Once your ticket is punched, teaching English overseas can be the thrill of a lifetime. In this case, once the passport, visa, apostilled criminal check, application and interview stanchions have been successfully hurdled, you are free to open your classrooms to the world and to make your world your own personal classroom.

Set in Indonesia,
The Year of Living Dangerously
In her award winning role, in the 1982 film, The Year of Living Dangerously, Linda Hunt's character, a male Chinese-Australian dwarf, Billy Kwan, declares, "In the West, we want answers for everything. Everything is right or wrong or good or bad..." The challenge as the foreign teacher of English is to let go of judgment and allow oneself to enter a world of incredulity. As one of my professors in graduate school once told me offering up some personal wisdom, "Education is moving from cocksure ignorance, to thoughtful uncertainty."

In the bare bones utilitarian existence of an ESL teacher, one doesn't have the plethora of material possessions one has back home. Those things are, of course, distractions. My life's essentials have been whittled down to whiteboard markers, a memory stick, lesson plans, a backpack, a translation app and whatever map I'm wearing out from overuse. My university has me covered-although I harbor a certain skepticism about the thickness of the ice I'm skating on. They've provided my apartment, an office and computer, a living wage and plenty of vacation time. For all those ESL teachers without such accoutrements, I offer you a humble me-ahn-heyo (미안 해요)Korean for, I am sorry.

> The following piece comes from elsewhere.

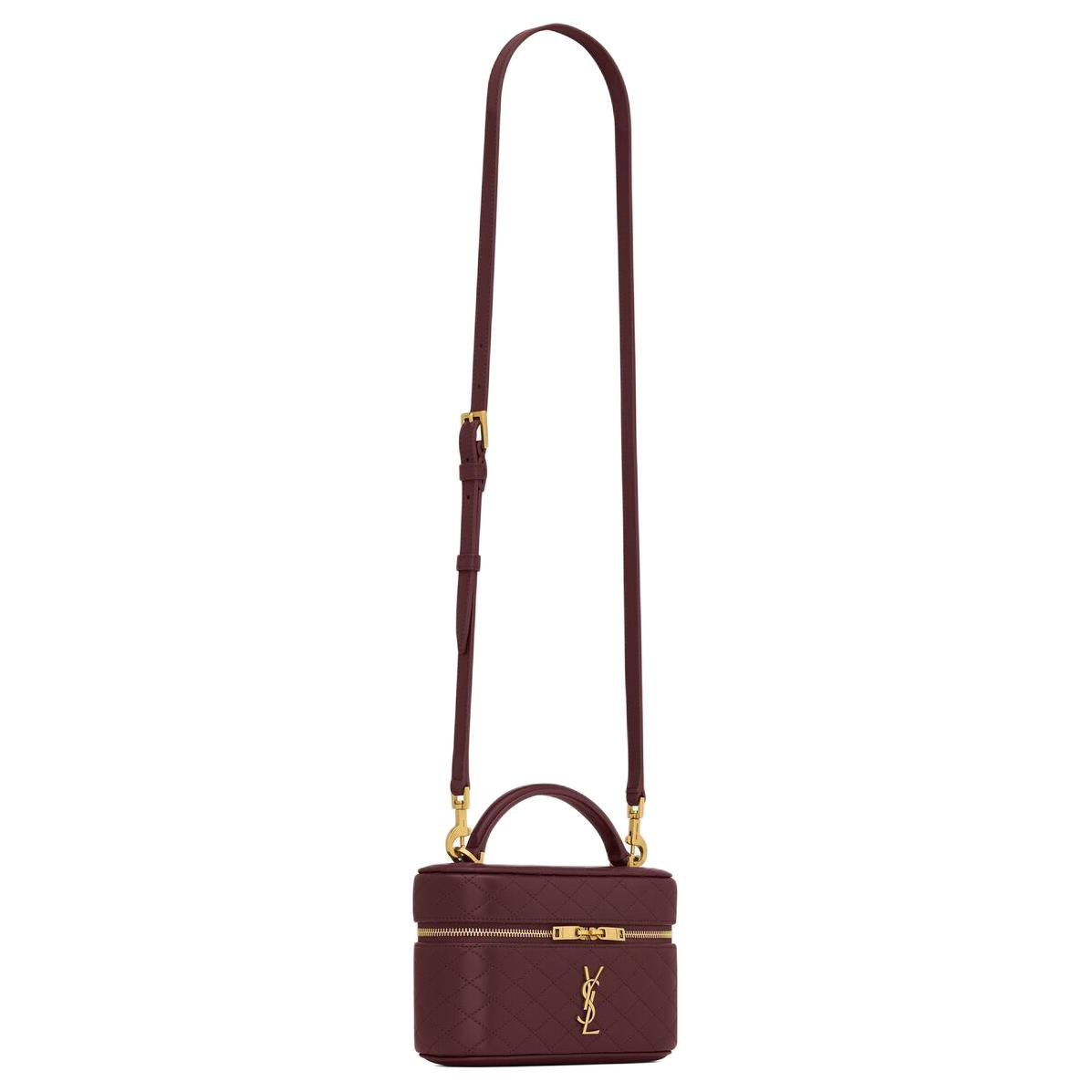 SAINT LAURENT Lambskin Portable Crossbody Bag, Shoulder Bag Women's Cabernet Sauvignon Red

The time between classes is a golden chalice. I fill it with various wines, sometimes the vintage is a local destination, a delicious house wine, like a nearby Korean city with a history worth knowing more about and a reputation for a particular culinary speciality. For example, from here in Daegu, Jeonju (전주), with its rocking Korean Historic Village (한옥말) is a 3-hour bus ride away. Its local bib-em-pop, a mixed rice dish, is to die for. Other times, the cup is filled with a more complex taste, like a bike trip through rural Vietnam, or perhaps a rarer vintage, say a sojourn to North Korea--no doubt, not a taste suitable for everyone's palate.

That of course, is just the point. Some ESL teachers choose not to carry the travel baton so wide afield. Their adventures more often take place locally, including within their classrooms. There, they strive to transport their students to other worlds. But for me, any gift of time is a chance to boogie on down the road. Billy Kwan's words, while living dangerously in Indonesia, work for me, "Don't think about the major issues. Do what you can about what's in front of you. Go add your light to the sum of all light." So, I'll grab my passport, then it's off to the races.